KNOXVILLE, TENN. – The University of Tennessee Institute of Agriculture recently announced that a research team was awarded $1 million to create and implement a computer vision system to monitor poultry production.
The grant for this research was funded by the Agriculture and Food Research Initiative, a competitive grants program of the USDA National Institute of Food and Agriculture.
Precision livestock farming (PLF) systems have been used on larger animals to monitor activity, agitation, and other animal stress and welfare indications. However, the Tennessee researchers said that monitoring poultry has proven to be more difficult with smaller animals and higher populations in systems.
This project from Tennessee involves creating a computer vision system to track animal-based measures (ABMs) for poultry in real time.

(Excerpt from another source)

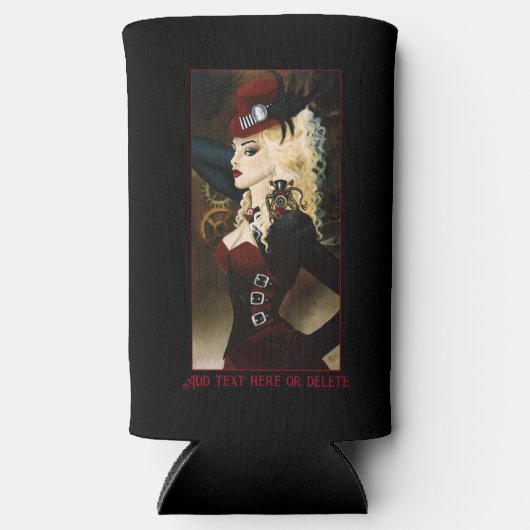 Lady Steampunk Victoriaans Rood Seltzer Blikjeskoeler (Voorkant)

Using light-weight deep learning and algorithms to identify individual birds, the program will track welfare-related comfort behaviors like stretching, preening and dustbathing as well as production-related behaviors like eating and drinking. The researchers will then develop a benchmark database with detailed notes on the birds’ behaviors.
The artificial intelligence and video image analysis will allow researchers to examine the poultry’s animal-based measures with management factors and collect baseline data. Researchers estimated that it cost would be $2,500 per house.

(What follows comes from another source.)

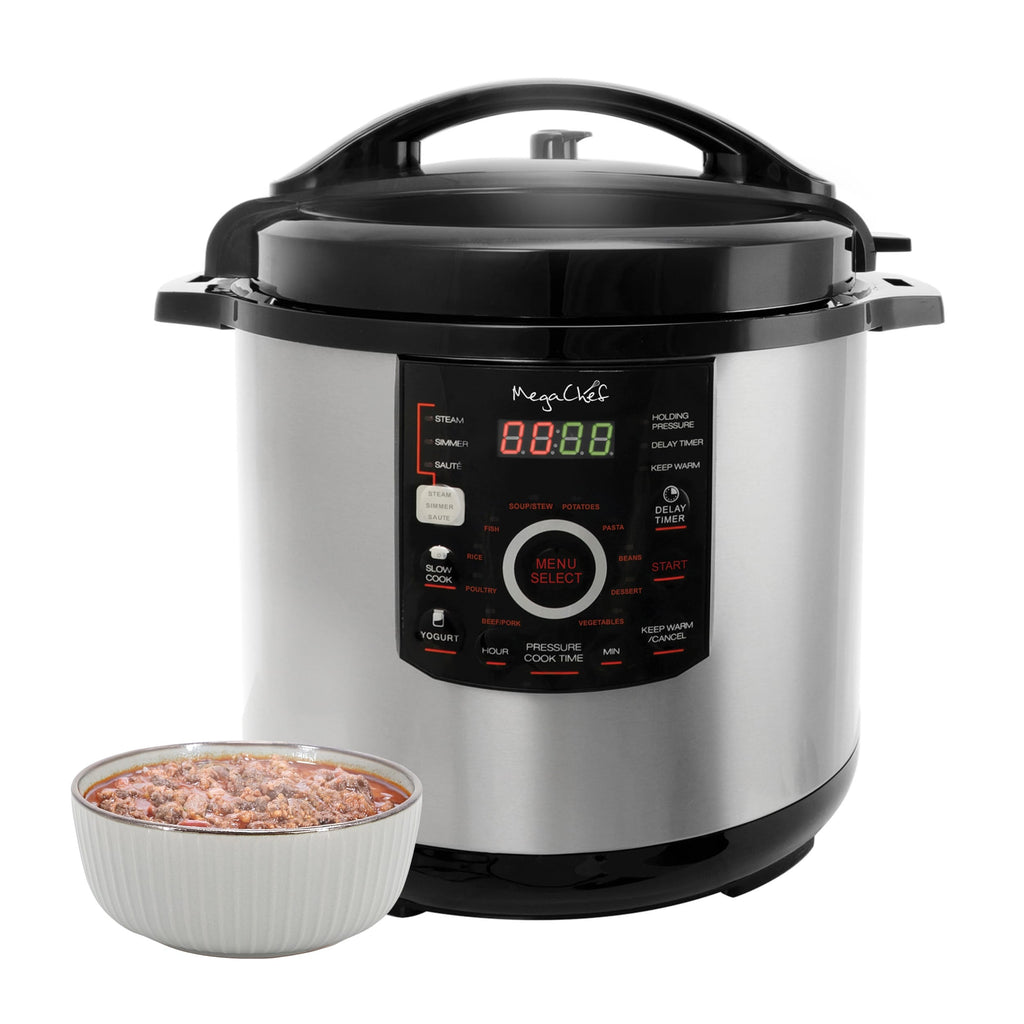 Megachef 12-quart Steel Digital 15-preset Pressure Cooker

“Despite strong interest in PLF for poultry farming across the world, few systems have been developed for the commercial production environments,” said Yang Zhao, assistant professor in the UTIA Department of Animal Science. “This project provides us timely supports to develop an affordable PLF system that may assist broiler growers to automatically collect bird behavioral responses and better manage the flocks at commercial farms.”
Full funding for the project was announced on Feb. 2, and Zhao and his team expects to demonstrate the system in 2025.